# Dataset entries
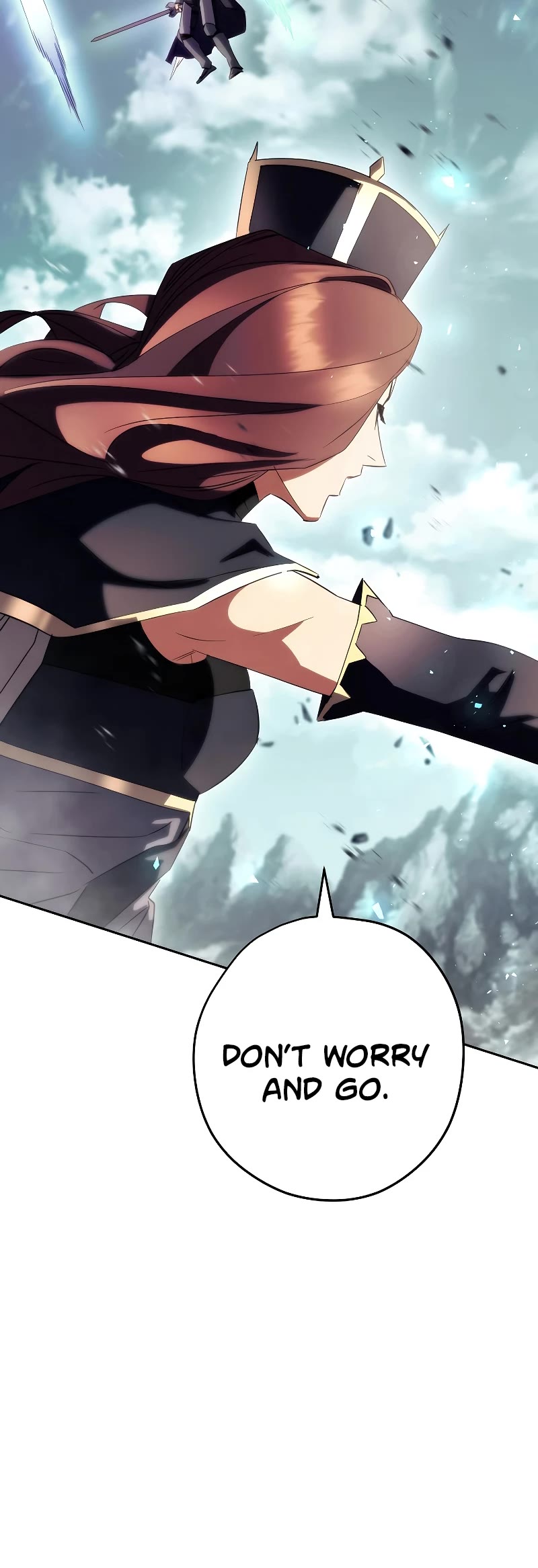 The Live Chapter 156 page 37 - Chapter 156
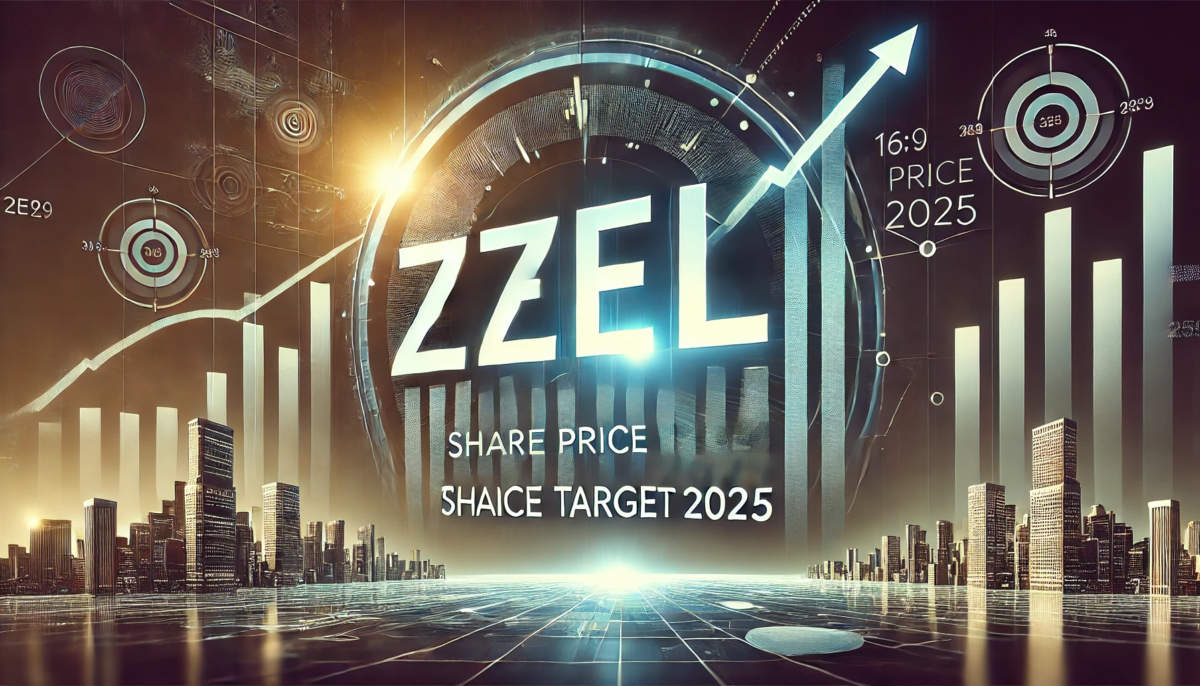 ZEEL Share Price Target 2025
* * *
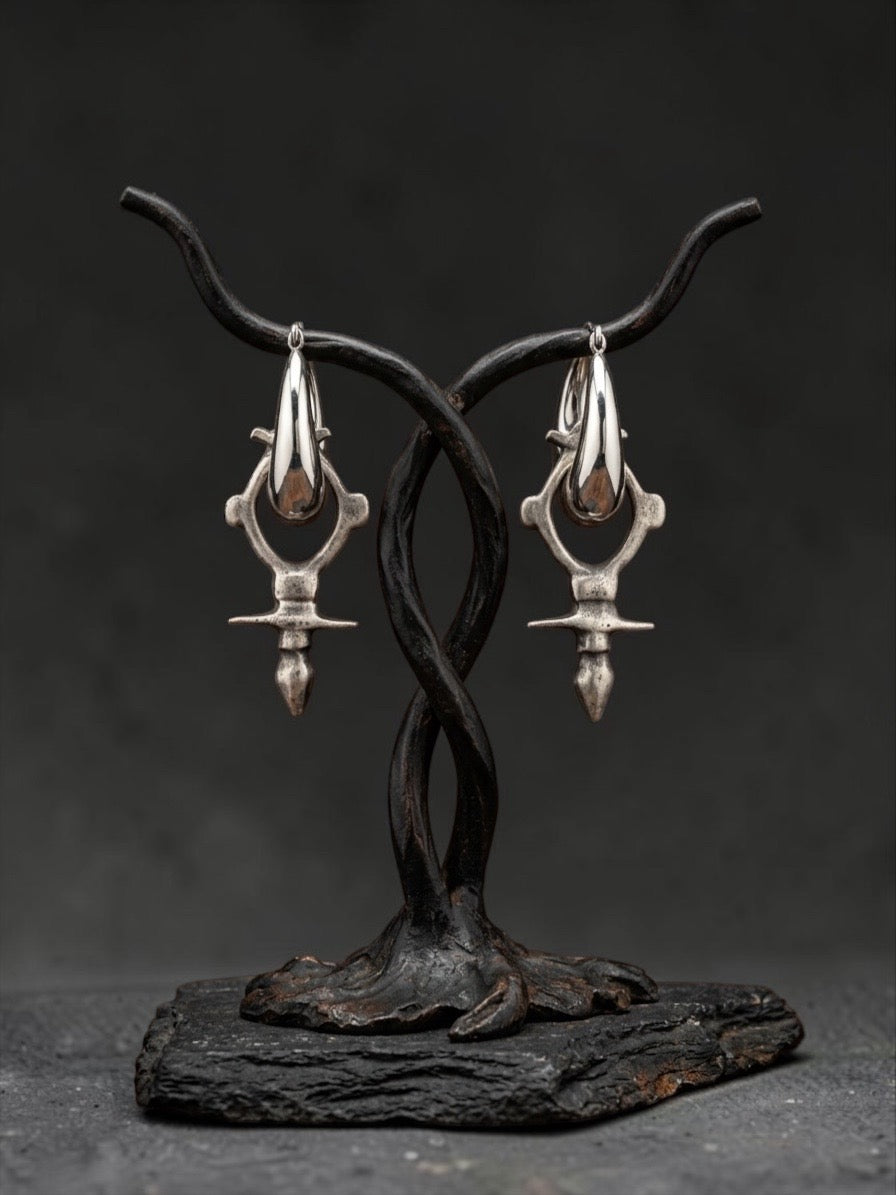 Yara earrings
==
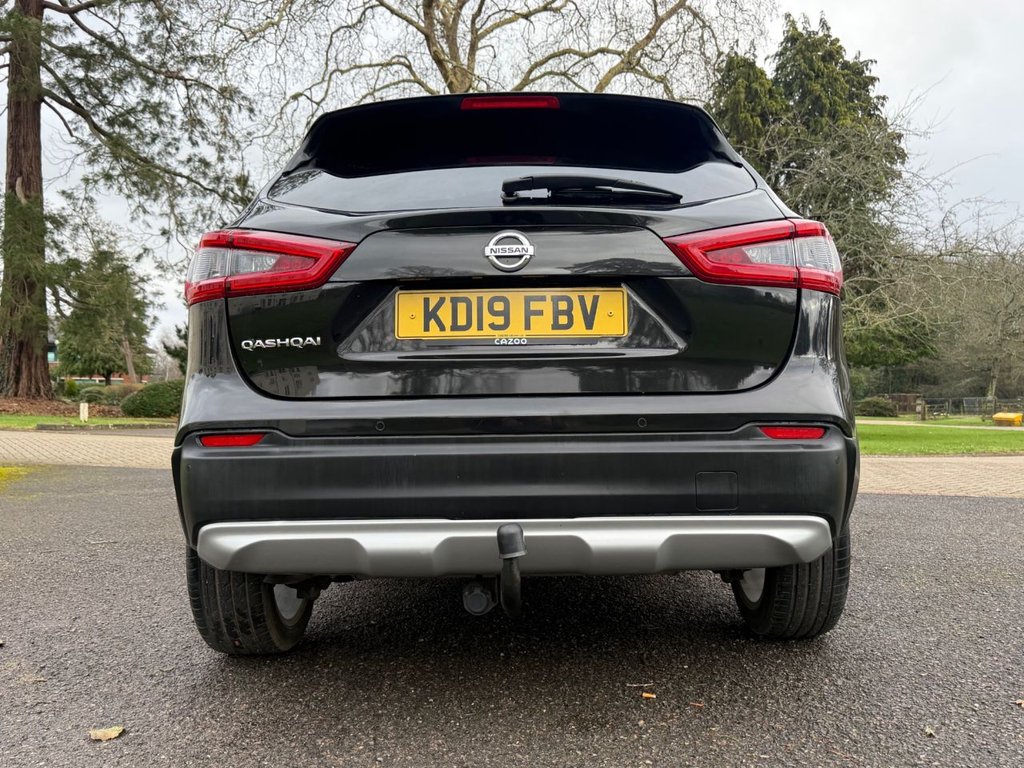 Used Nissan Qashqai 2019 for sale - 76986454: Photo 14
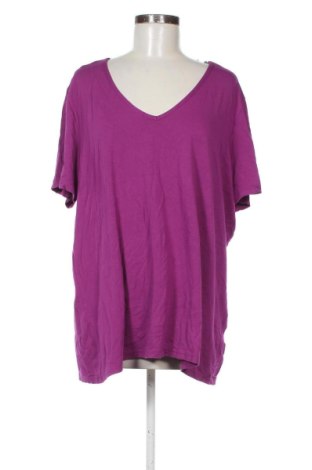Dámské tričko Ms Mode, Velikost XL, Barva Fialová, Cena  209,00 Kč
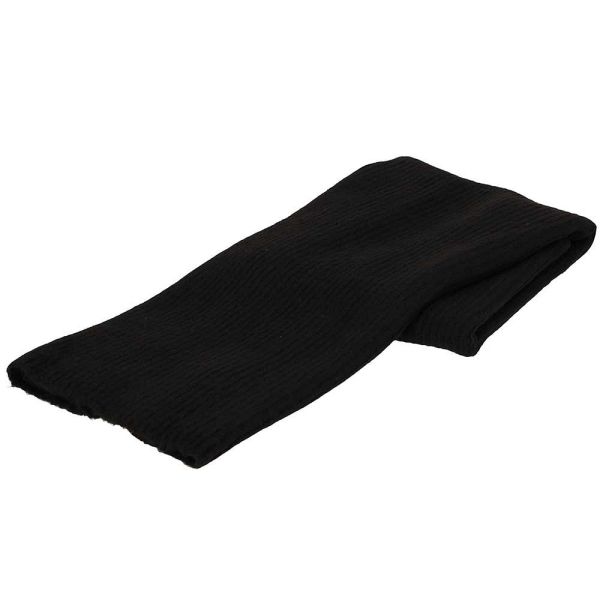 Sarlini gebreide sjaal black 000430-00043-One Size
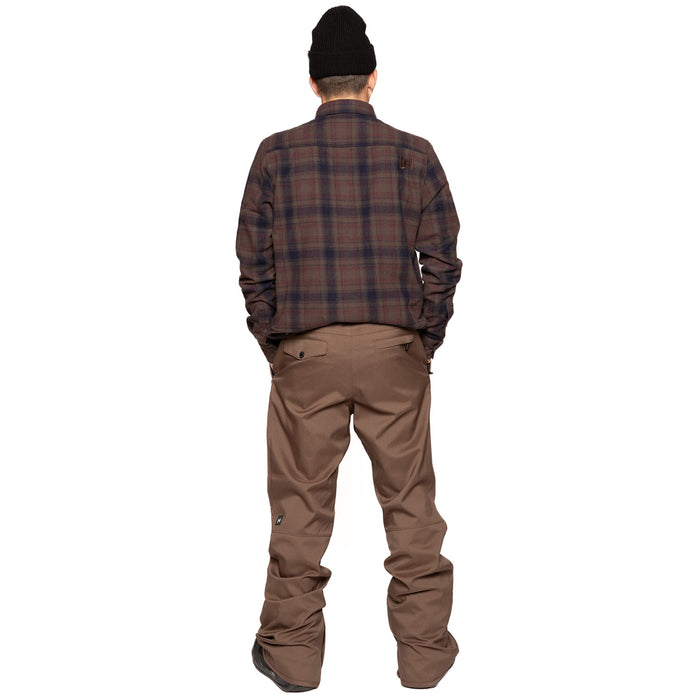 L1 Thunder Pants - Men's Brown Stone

# What you have to do
Extract, without any images, the part of the material above that opens with the line containing "The Live Chapter 156 page 37 - Chapter 156" and closes with the line containing "ZEEL Share Price Target 2025", both lines included.

# Output below
 The Live Chapter 156 page 37 - Chapter 156
 ZEEL Share Price Target 2025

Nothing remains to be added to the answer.